• [Extracted data entries]
□ □ □

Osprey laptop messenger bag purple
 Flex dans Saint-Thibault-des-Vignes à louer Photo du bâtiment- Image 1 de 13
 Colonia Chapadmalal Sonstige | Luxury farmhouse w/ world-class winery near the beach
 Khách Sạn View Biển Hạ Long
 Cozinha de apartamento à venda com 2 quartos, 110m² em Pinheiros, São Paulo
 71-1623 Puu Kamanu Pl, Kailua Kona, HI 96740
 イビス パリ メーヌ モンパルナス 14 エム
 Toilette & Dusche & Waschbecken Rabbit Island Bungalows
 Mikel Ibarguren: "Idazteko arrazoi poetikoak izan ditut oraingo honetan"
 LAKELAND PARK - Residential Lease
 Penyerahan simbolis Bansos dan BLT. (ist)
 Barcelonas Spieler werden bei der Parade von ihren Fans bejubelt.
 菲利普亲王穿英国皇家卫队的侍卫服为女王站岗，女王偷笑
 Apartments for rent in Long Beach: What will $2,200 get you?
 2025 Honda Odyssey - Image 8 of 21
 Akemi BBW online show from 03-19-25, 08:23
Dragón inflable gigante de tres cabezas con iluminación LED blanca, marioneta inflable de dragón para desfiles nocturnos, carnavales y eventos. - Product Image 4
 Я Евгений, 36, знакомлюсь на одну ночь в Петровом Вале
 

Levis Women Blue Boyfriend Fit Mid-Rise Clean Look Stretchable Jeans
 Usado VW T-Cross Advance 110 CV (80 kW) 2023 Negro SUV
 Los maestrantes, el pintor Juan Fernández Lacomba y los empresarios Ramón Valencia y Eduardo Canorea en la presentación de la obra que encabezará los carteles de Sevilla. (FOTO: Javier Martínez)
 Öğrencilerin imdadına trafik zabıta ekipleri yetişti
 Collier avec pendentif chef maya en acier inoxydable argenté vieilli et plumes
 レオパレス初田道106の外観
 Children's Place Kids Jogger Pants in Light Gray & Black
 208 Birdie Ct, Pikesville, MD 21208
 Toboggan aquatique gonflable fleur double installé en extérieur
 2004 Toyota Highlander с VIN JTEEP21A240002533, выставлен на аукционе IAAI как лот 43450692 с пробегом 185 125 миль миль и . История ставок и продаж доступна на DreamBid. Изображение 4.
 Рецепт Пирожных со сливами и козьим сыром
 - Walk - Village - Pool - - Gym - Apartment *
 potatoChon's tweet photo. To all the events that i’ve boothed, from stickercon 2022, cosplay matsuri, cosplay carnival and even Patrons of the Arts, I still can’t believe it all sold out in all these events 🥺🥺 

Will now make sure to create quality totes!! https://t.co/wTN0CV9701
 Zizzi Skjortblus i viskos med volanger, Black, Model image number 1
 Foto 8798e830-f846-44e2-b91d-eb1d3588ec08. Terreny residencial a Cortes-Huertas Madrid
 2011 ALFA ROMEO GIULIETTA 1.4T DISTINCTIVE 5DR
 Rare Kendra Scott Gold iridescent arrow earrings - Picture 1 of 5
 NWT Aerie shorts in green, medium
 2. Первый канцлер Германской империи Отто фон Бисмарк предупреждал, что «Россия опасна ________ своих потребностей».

□ □ □

• [Activity] Copy out, exactly and alone, the lines of the entries above between the ones holding "arrazoi poetikoak izan" and "Los maestrantes, el", inclusive.

• [Exercise answer]
 Mikel Ibarguren: "Idazteko arrazoi poetikoak izan ditut oraingo honetan"
 LAKELAND PARK - Residential Lease
 Penyerahan simbolis Bansos dan BLT. (ist)
 Barcelonas Spieler werden bei der Parade von ihren Fans bejubelt.
 菲利普亲王穿英国皇家卫队的侍卫服为女王站岗，女王偷笑
 Apartments for rent in Long Beach: What will $2,200 get you?
 2025 Honda Odyssey - Image 8 of 21
 Akemi BBW online show from 03-19-25, 08:23
Dragón inflable gigante de tres cabezas con iluminación LED blanca, marioneta inflable de dragón para desfiles nocturnos, carnavales y eventos. - Product Image 4
 Я Евгений, 36, знакомлюсь на одну ночь в Петровом Вале
 

Levis Women Blue Boyfriend Fit Mid-Rise Clean Look Stretchable Jeans
 Usado VW T-Cross Advance 110 CV (80 kW) 2023 Negro SUV
 Los maestrantes, el pintor Juan Fernández Lacomba y los empresarios Ramón Valencia y Eduardo Canorea en la presentación de la obra que encabezará los carteles de Sevilla. (FOTO: Javier Martínez)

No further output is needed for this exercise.